Rouven L. stammt aus Neckarbischofsheim (Rhein-Neckar-Kreis). Dort findet am Freitagabend um 18 Uhr ein öffentliches Gedenken im Schlosspark statt. Die Stadtverwaltung rechnet eigenen Angaben zufolge mit etwa 1.000 Teilnehmenden.

Nach einer Rede von Bürgermeister Thomas Seidelmann (parteilos) haben die Trauernden die Möglichkeit, Gedanken und persönliche Erinnerungen an Rouven L. auf Zettel zu schreiben. Diese sollen dann in ein Buch geklebt werden. Dieses Buch soll anschließend den Eltern des getöteten Polizisten übergeben werden.

Polizeigewerkschaft bittet Menschen um Zeichen der Solidarität

Die Deutsche Polizeigewerkschaft (DPolG) hat die Menschen in Gedenken an ihren Kollegen um ein Zeichen der Solidarität mit Polizistinnen und Polizisten gebeten. Die Gewerkschaft hat am Donnerstag dazu aufgerufen, dunkelblaue Bänder als Zeichen der Trauer und gegen Gewalt zu tragen. Die Polizei schütze die Bevölkerung rund um die Uhr, so der Chef der DPolG in Baden-Württemberg, Ralf Kusterer: "Heute bitten wir die Bevölkerung um Unterstützung. Heute bitten wir um ein Zeichen der Bevölkerung für uns."
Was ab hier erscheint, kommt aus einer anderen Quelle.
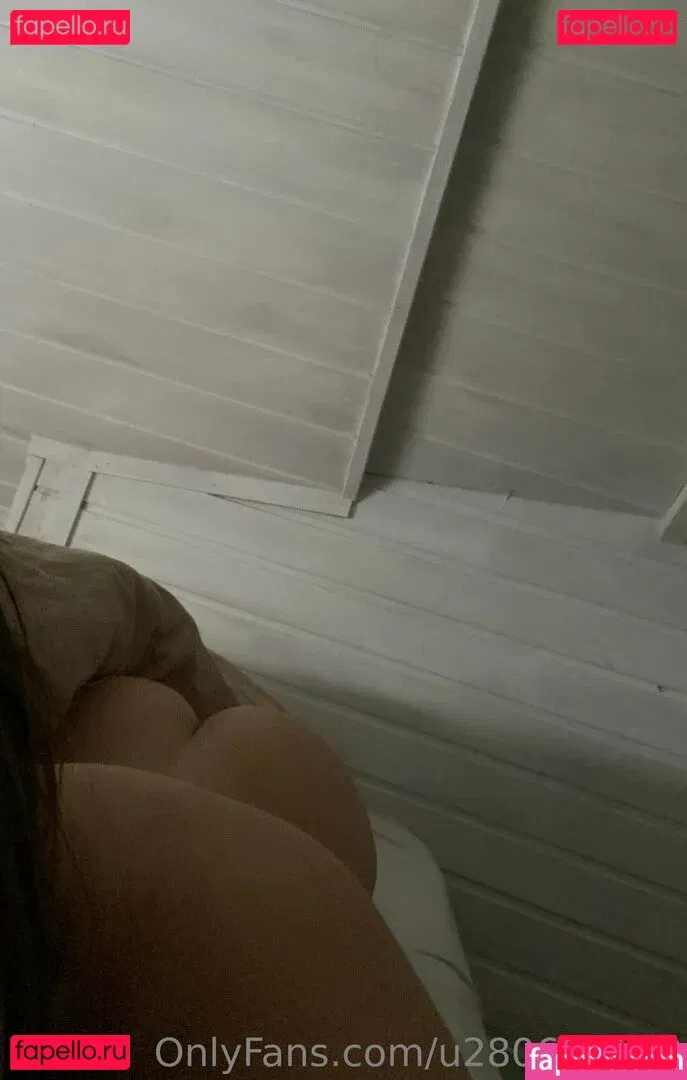 xoxogirl2vip Onlyfans Photo Gallery 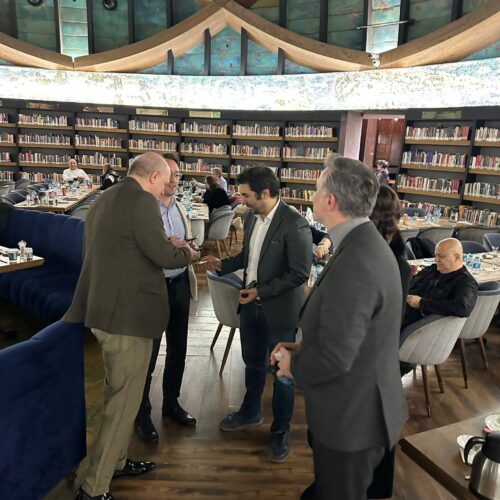 WhatsApp Image 2025-05-10 at 20.36.09 (2)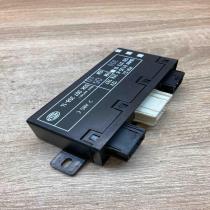 8378767 5DK007358  Door control unit/module BMW 5 E39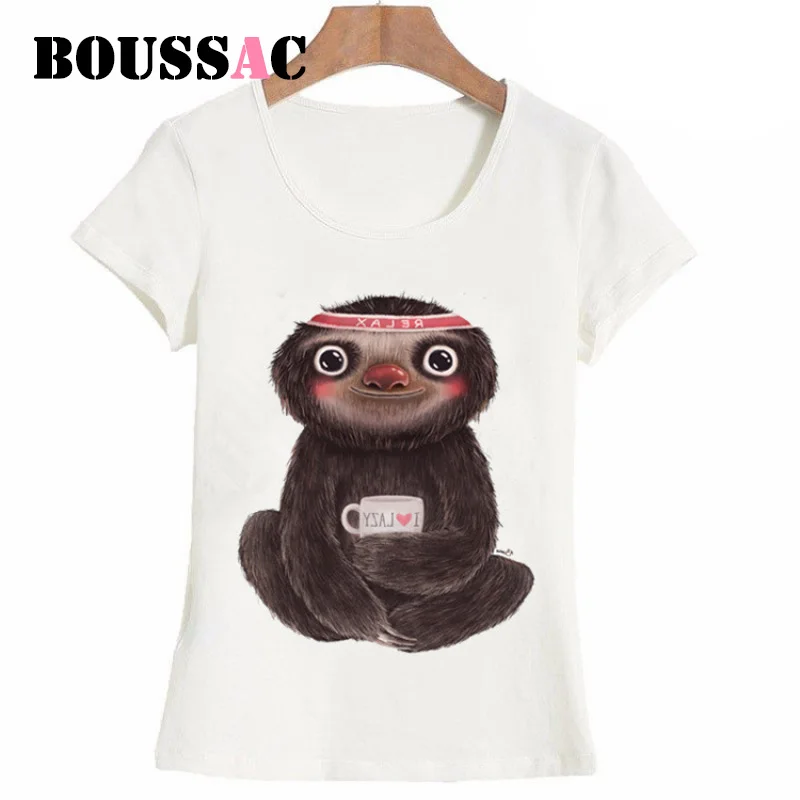 zootopia sloth shirt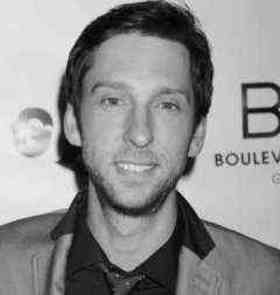 Joel David Moore quotes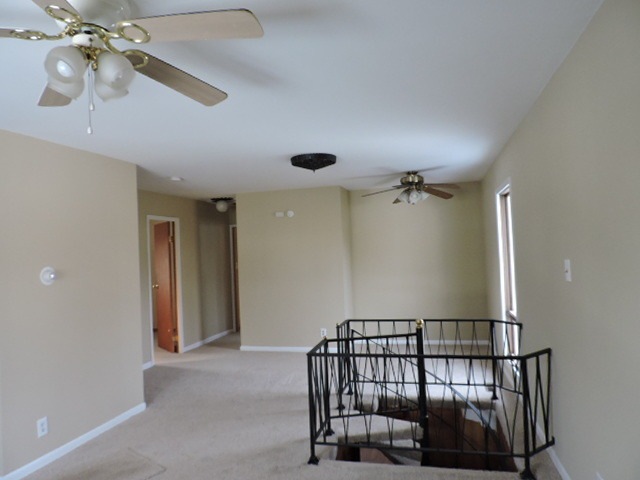 1714 Papoose Rd, Carpentersville, IL 60110 - photo 1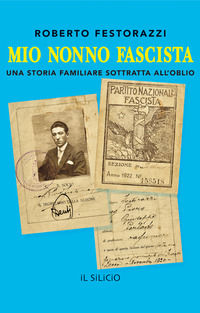 Foto non disponibile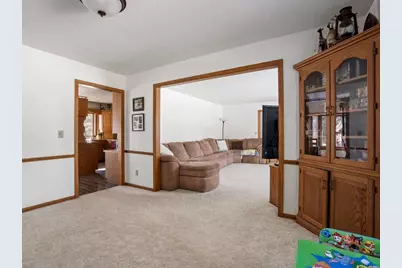 3365 State 200 NE, Remer, MN 56672 - Photo 29
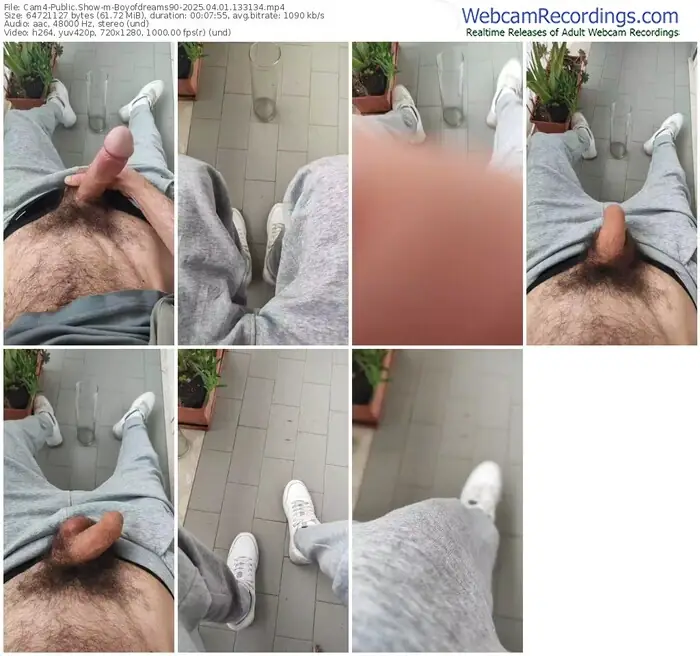 2025/04/01/cam4-boyofdreams90-13-31-34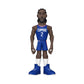 Funko LA Clippers NBA Gold 12 Inch Vinyl Figure | Kawhi Leonard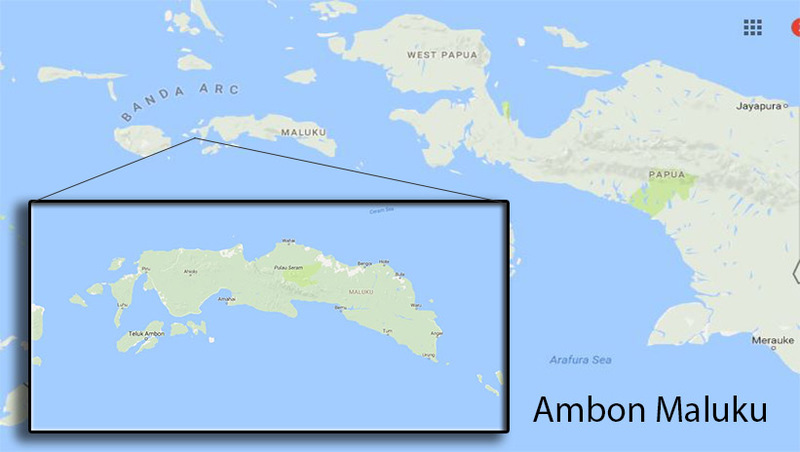 Ambon-Maluku-Map-In-Indonesia.jpg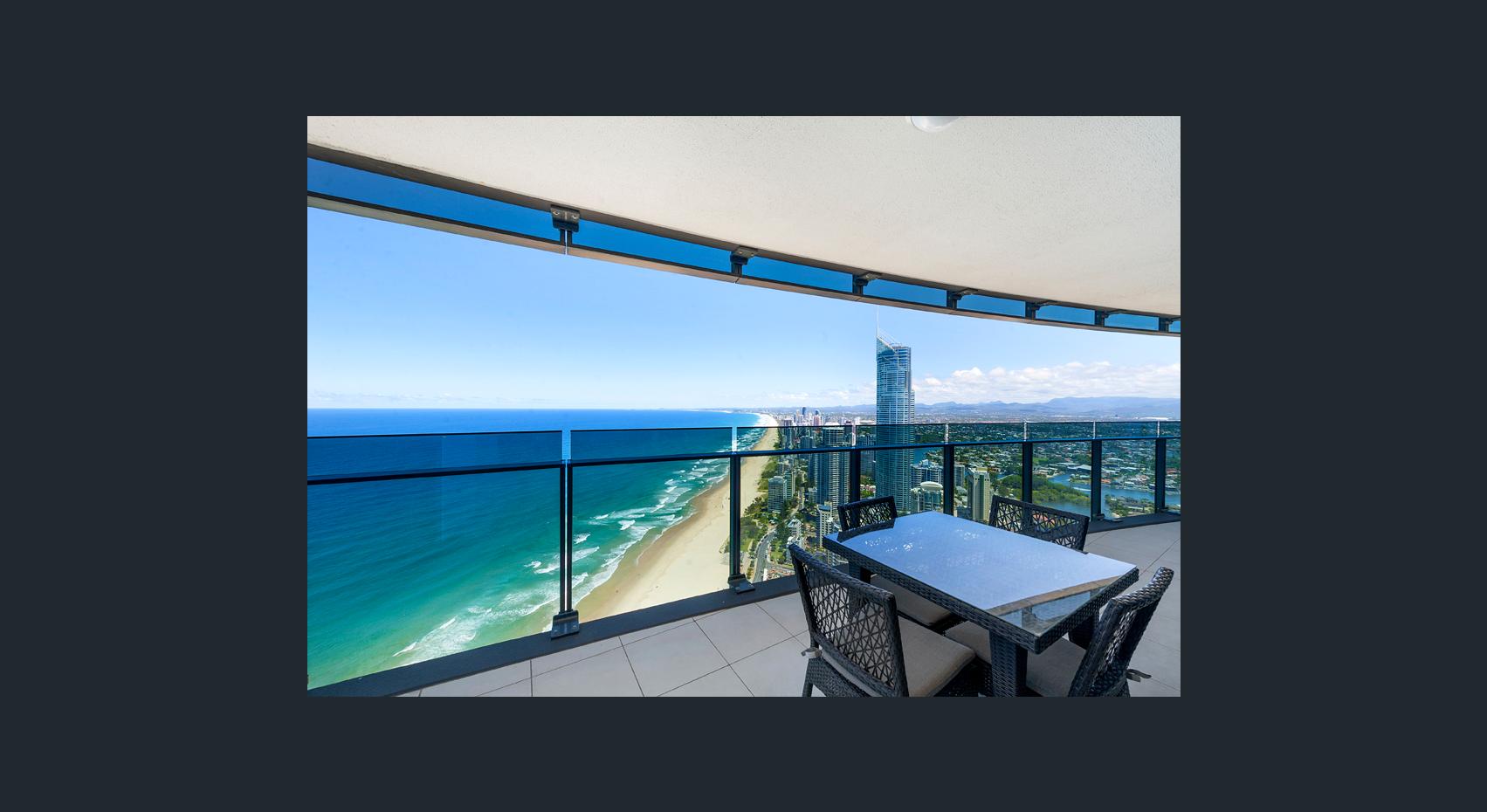 5102/4 The Esplanade, SURFERS PARADISE, QLD 4217, Surfers Paradise - Thumbnail 4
Thomas Mohr, Vorsitzender der Polizeigewerkschaft (GdP) in Mannheim teilte dem SWR mit, er werde den Freitag "mit Fassungslosigkeit und Trauer", aber auch "mit Stolz begehen, wenn man sieht, wie die Bevölkerung damit umgeht und mit Applaus auf unsere Einsatzkräfte reagiert". Jeder Tag sei schwer "für uns alle, aber am Freitag auf dem Marktplatz zu sein, ist für uns auch eine Verpflichtung und Ehrensache."